The number of players not just putting out statements and social media posts, but actually participating in and helping to lead peaceful protests -- including Celtics players Jaylen Brown, Marcus Smart, Enes Kanter and Vincent Poirier -- feels different. Teams and leagues putting out their own statements and amplifying what players are saying and doing instead of staying quiet or riding the fence feels different.
But this is only a start. If it’s not just the start, and this is all we get, then all those statements are meaningless. Words may be OK for now, but actions will tell us who is actually serious about backing up those words.

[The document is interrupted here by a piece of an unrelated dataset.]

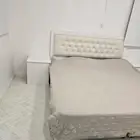 غرفة نوم بدون مفرش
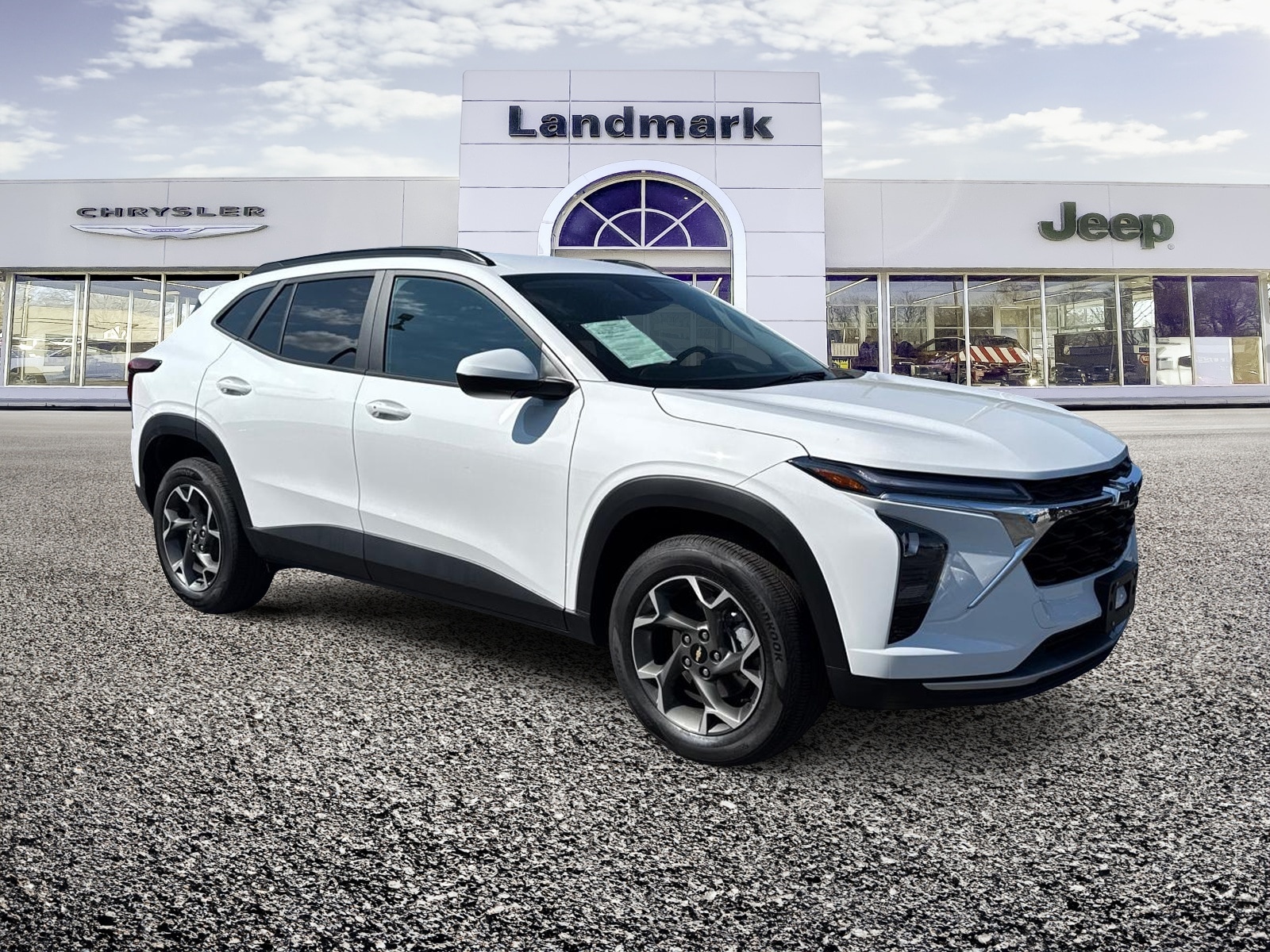 2025 Chevrolet Trax LT's photo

It is easy to put out these statements now. The whole country has seen the video of Chauvin killing Floyd. There is no grey area or room for interpretation. There is no need to hear the other side or wait for all the facts to come out. What happened is clear as day. The anger that has swept across the country is easy to understand. The killing is an easy act to condemn and peaceful protests an easy movement to support.
But what happens if things aren’t so clear next time? What happens when there’s pushback? What happens when there isn’t video or the video isn’t so clear? What happens when near-universal condemnation of the police officer is replaced by questions about what the victim was doing before being killed or what his prior record was or whether he was resisting?

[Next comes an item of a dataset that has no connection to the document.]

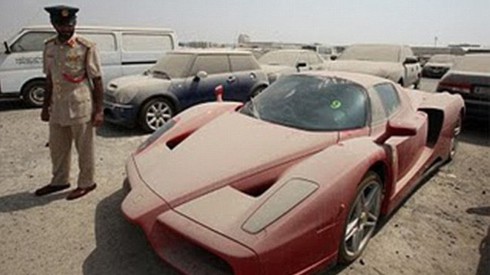 Cảnh sát không thể bán chiếc Ferrari Enzo phủ bụi nổi tiếng - ảnh 1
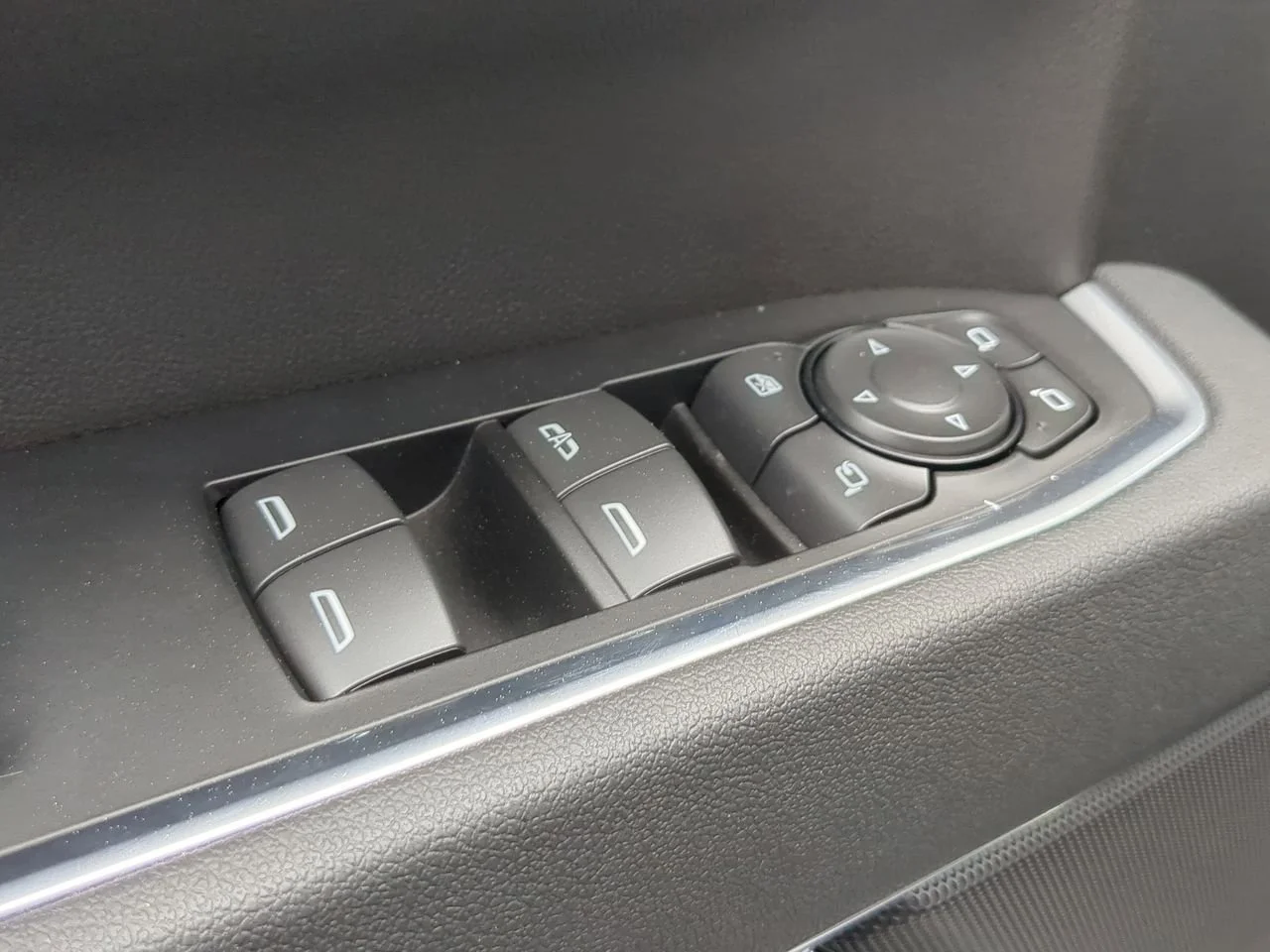 New 2026 Summit White GMC SLE image 23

What happens when the conversation shifts from this one specific injustice to the broader injustices of police brutality and systemic racism?
We have been down that road before, and teams and leagues have not found it so easy to stand by players who speak up then.
Colin Kaepernick got blackballed from the NFL for taking a knee during the national anthem to protest racial injustice. Other players who took a knee were booed by their own fans, including members of the then-defending Super Bowl champion Patriots before a game against the Texans in September 2017.
The NFL and team owners briefly stood by players who kneeled when President Donald Trump told them to “get that son of a bitch off the field,” with Trump donor Jerry Jones even kneeling alongside Cowboys players.
That support didn’t last, though. Owners quickly reverted to publicly opposing kneeling and tried to pass a laughable rule that would’ve required all players on the sideline to stand for the anthem while allowing others to remain in the locker room if they didn’t want to. The rule would’ve completely defeated the purpose of protesting in the first place -- it’s hard to draw attention to something if you’re being forced to stay in the locker room where no one can see you.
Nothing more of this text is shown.